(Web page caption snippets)
━━━━━━━━━━━━━━━━━━━━━━━━━━━━━━

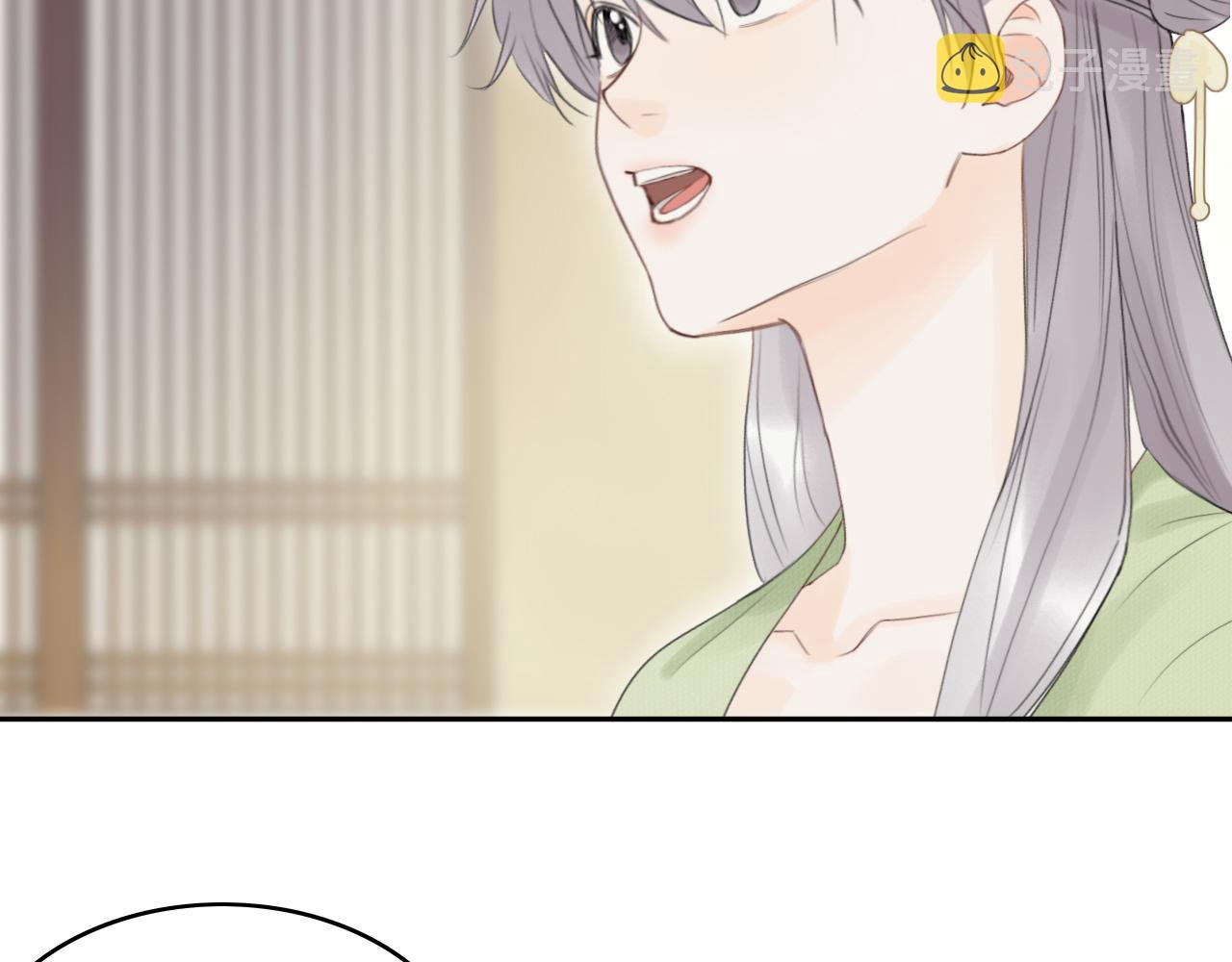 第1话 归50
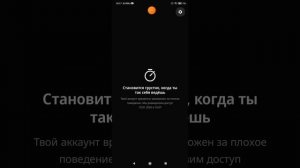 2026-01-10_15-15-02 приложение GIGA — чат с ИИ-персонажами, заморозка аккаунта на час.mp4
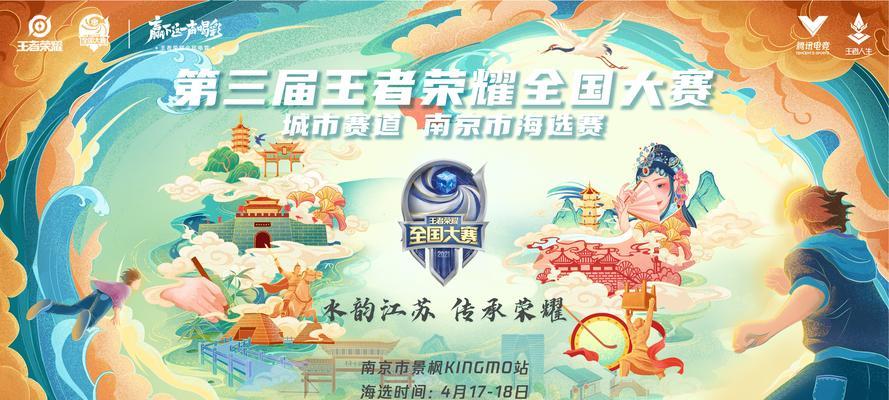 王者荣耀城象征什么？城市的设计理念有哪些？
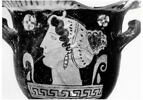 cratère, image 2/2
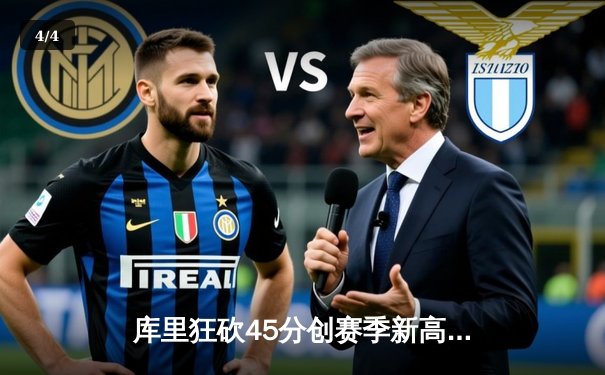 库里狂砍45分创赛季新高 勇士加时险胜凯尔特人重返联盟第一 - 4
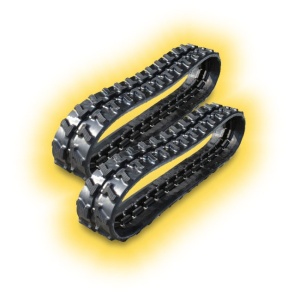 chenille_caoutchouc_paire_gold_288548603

━━━━━━━━━━━━━━━━━━━━━━━━━━━━━━

> _Task description_
Every line above should be duplicated exactly; the pictures are to be left out.

> _Answer to the exercise_
 第1话 归50
 2026-01-10_15-15-02 приложение GIGA — чат с ИИ-персонажами, заморозка аккаунта на час.mp4
 王者荣耀城象征什么？城市的设计理念有哪些？
 cratère, image 2/2
 库里狂砍45分创赛季新高 勇士加时险胜凯尔特人重返联盟第一 - 4
 chenille_caoutchouc_paire_gold_288548603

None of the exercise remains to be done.